Data excerpts:

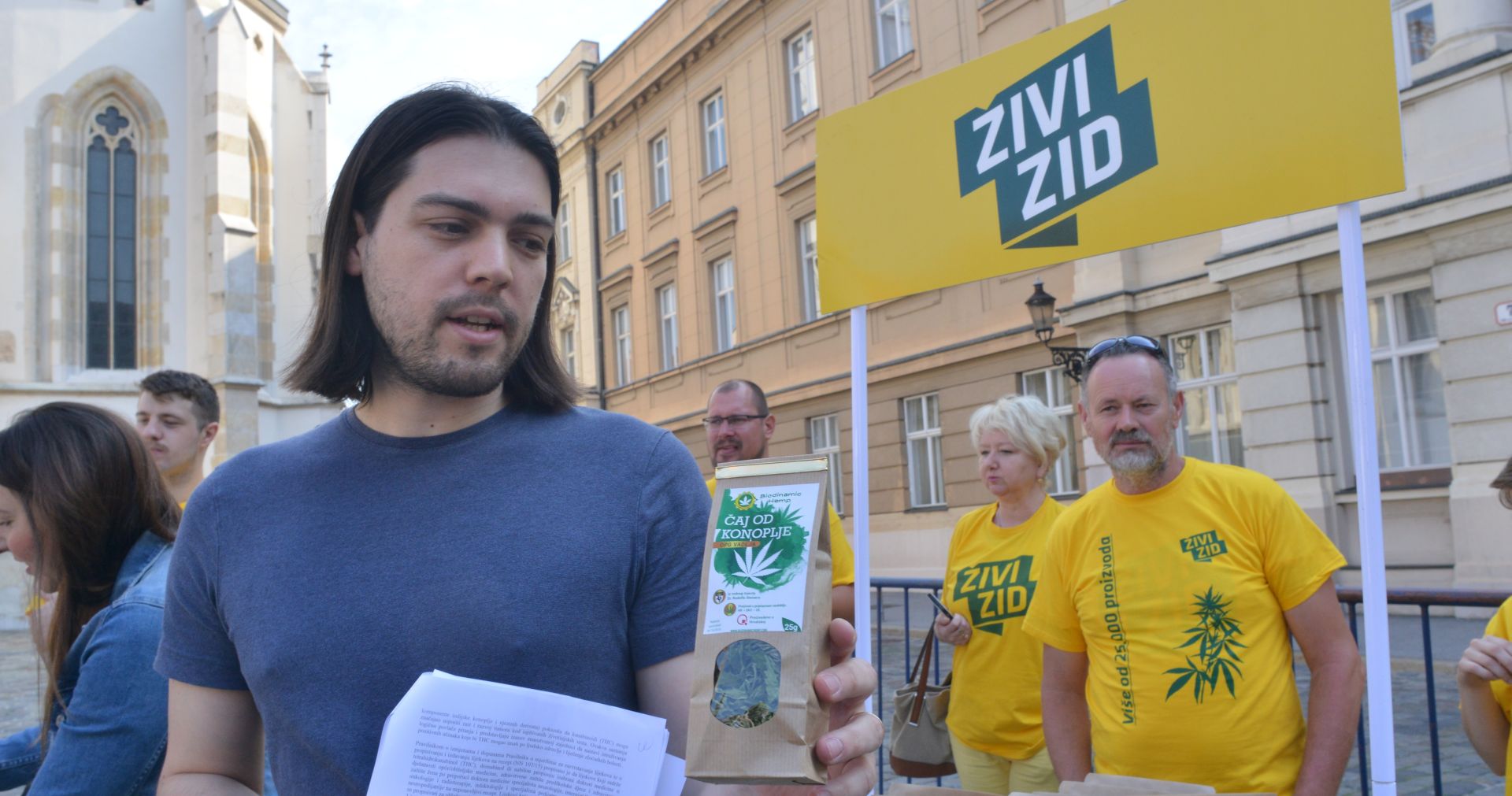 Zagreb, 10.05.2018 - Povodom dananje rasprave u Hrvatskom saboru na temu Zakona o legalizaciji konoplje, ivi zid je organizrao konferenciju za medije ispred zgrade Sabora, na kojoj je sudjelovalo i nekoliko OPG-ova i proizvoðaèa koji se bave konopljom. Na fotografiji Ivan Vilibor Sinèiæ.
foto HINA/ Admir BULJUBAIÆ/ abu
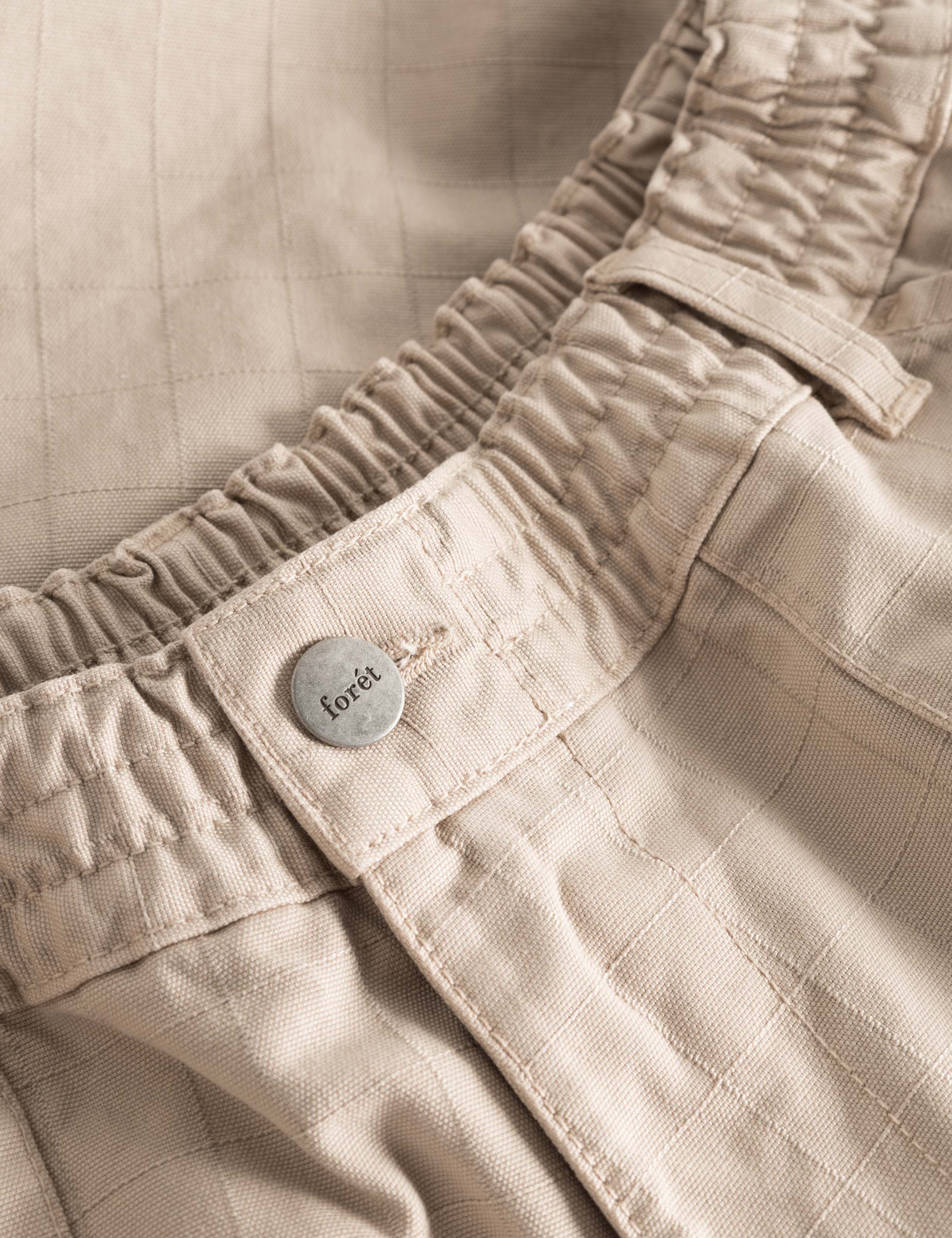 SIENNA SHORTS - KHAKI - Image 4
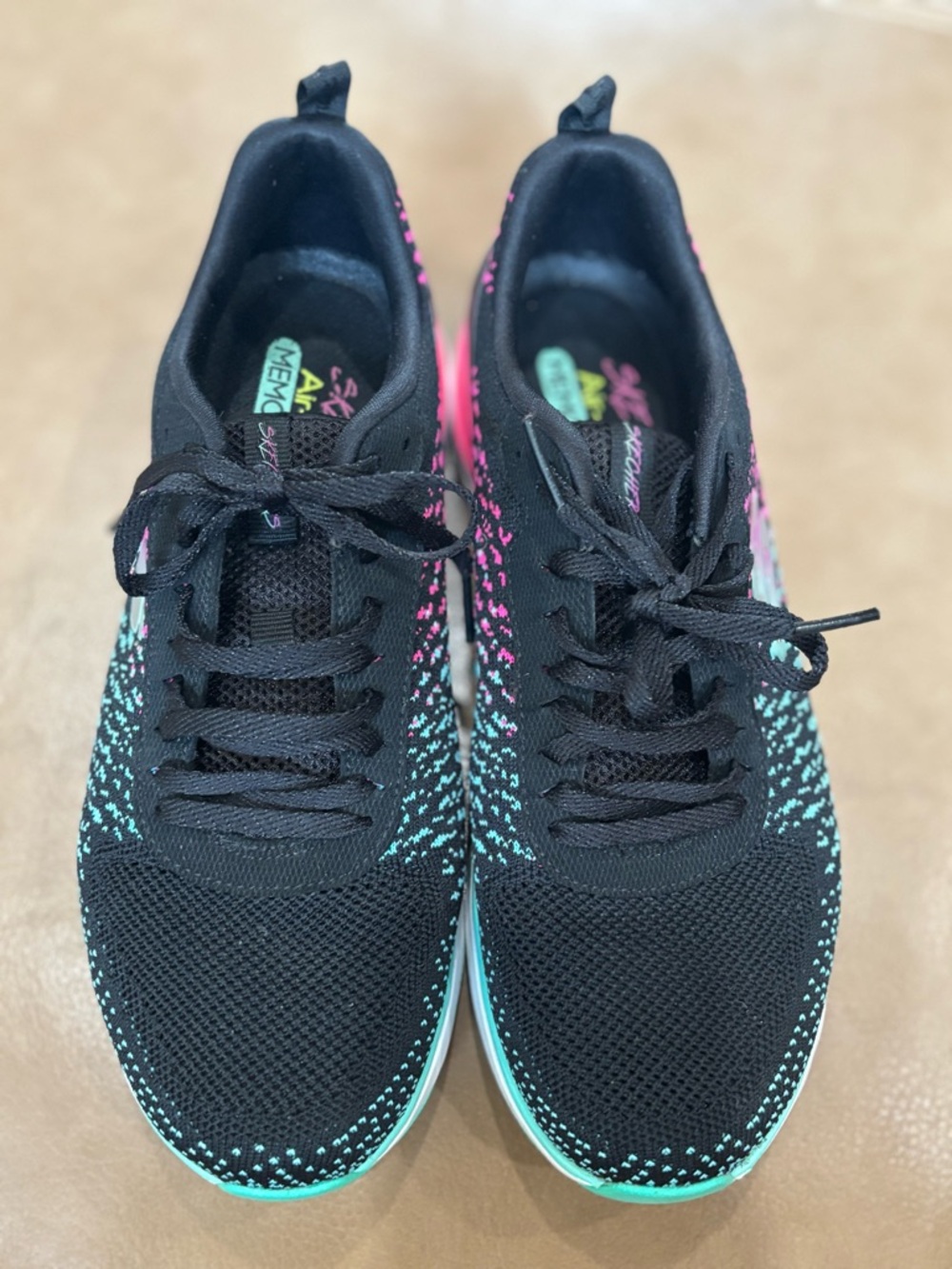 Skechers bold memory foam Black Knit comfortable Athletic Sneakers - Picture 2 of 7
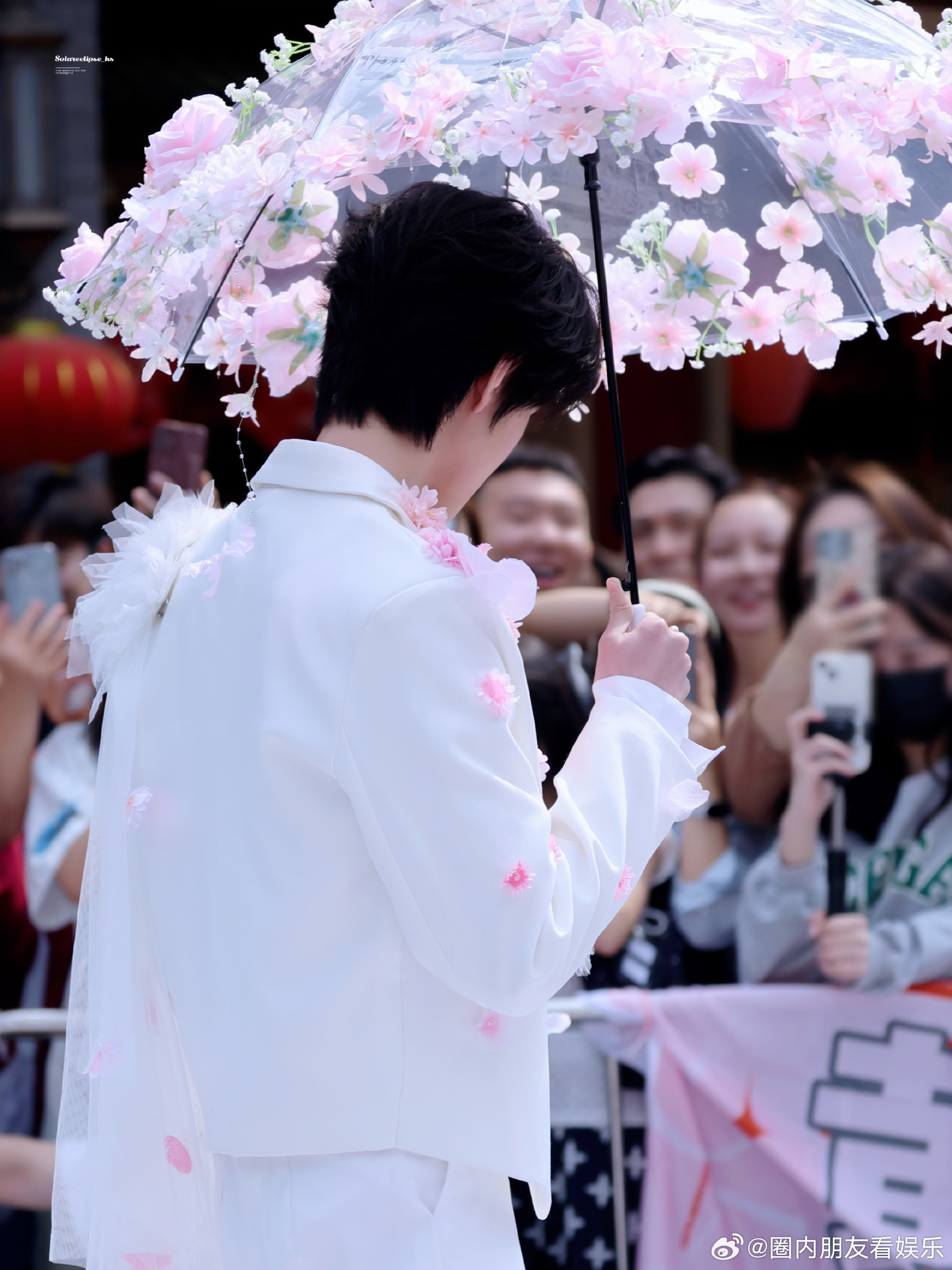 全深圳都在偶遇春日版黄朔黄朔深圳随机舞蹈夯爆了黄朔把春天穿在身上，深圳线下随机舞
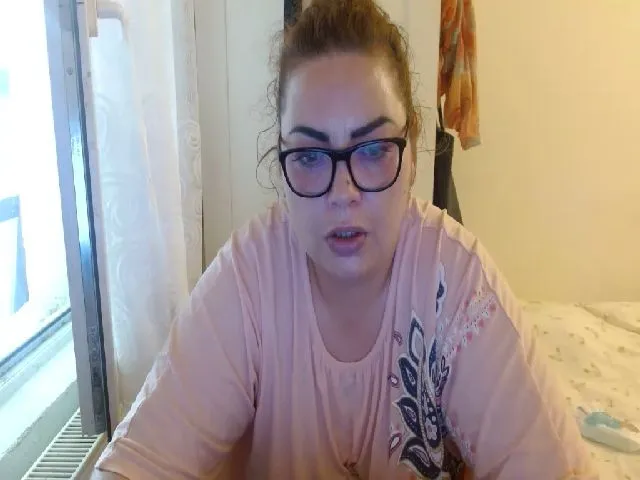 Live sex webcam photo for shycurvymom #273589922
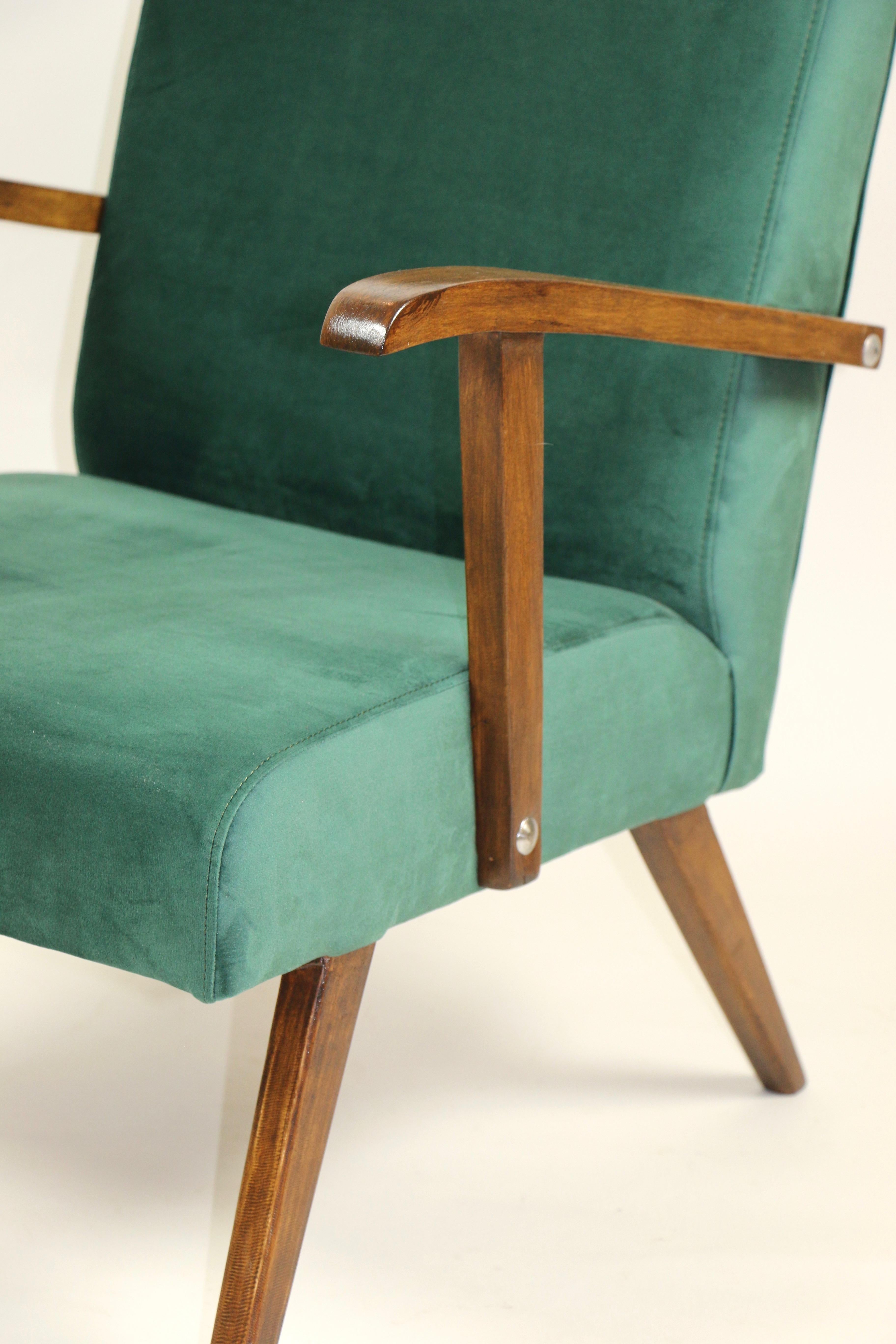 Small Vintage Armchair in Green Velvet from 1970s For Sale 5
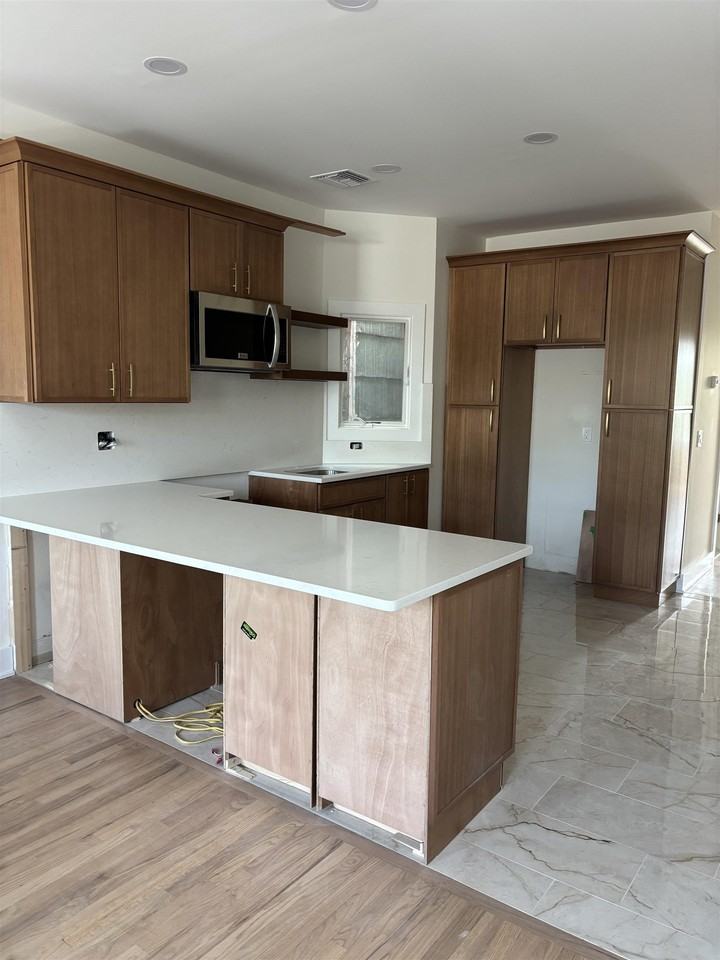 802 Broadway #3R - Photo 6 of 8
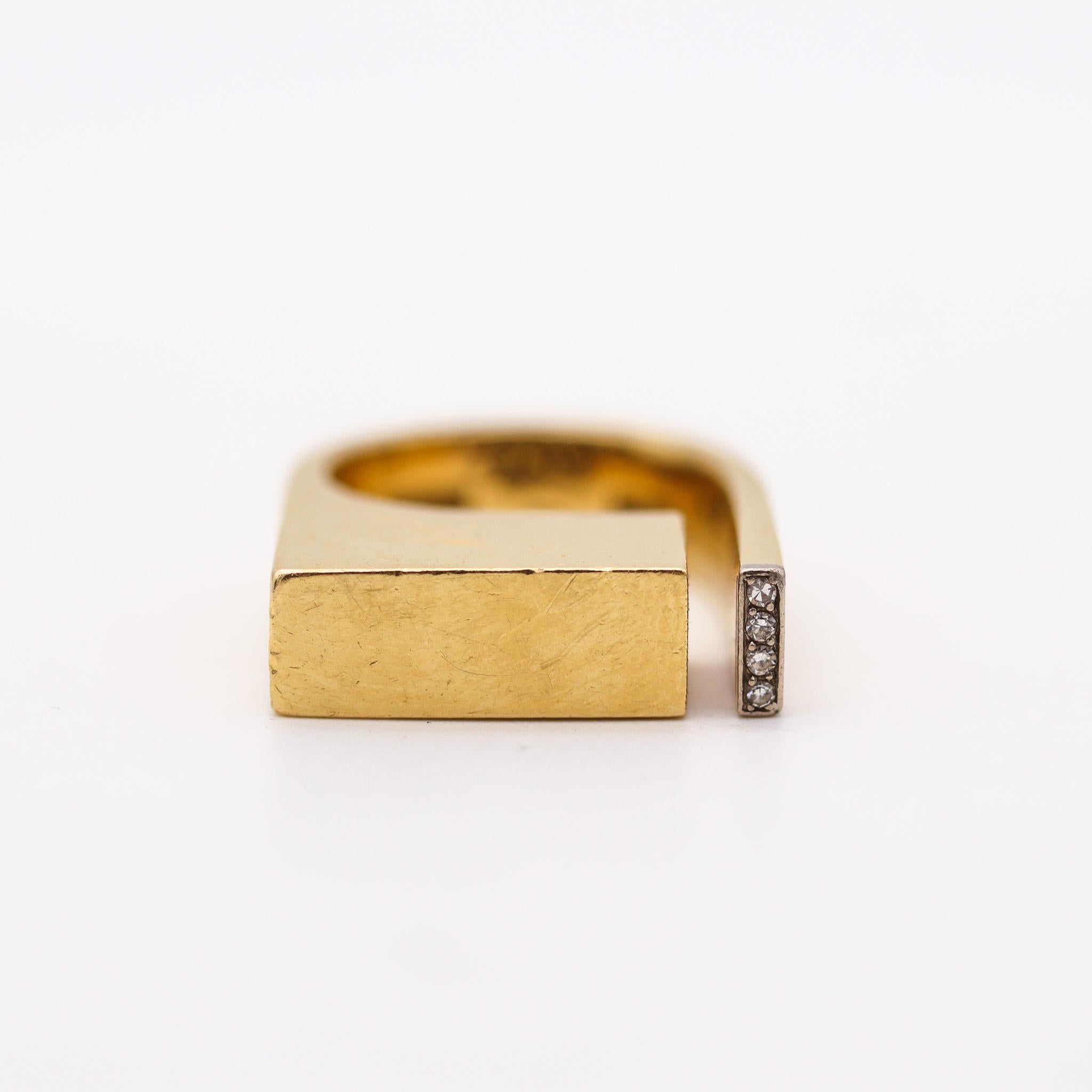 Modernist Rey Urban 1970 Denmark Geometric Sculptural Ring in Solid 18K Gold And Diamonds For Sale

What this task involves:
Using the material above, transcribe exactly the lines from the one holding "Skechers bold memory" to the one holding "802 Broadway #3R - Photo 6 of 8", both ends kept. Do not carry over any pictures.

Reply to the exercise:
 Skechers bold memory foam Black Knit comfortable Athletic Sneakers - Picture 2 of 7
 全深圳都在偶遇春日版黄朔黄朔深圳随机舞蹈夯爆了黄朔把春天穿在身上，深圳线下随机舞
 Live sex webcam photo for shycurvymom #273589922
 Small Vintage Armchair in Green Velvet from 1970s For Sale 5
 802 Broadway #3R - Photo 6 of 8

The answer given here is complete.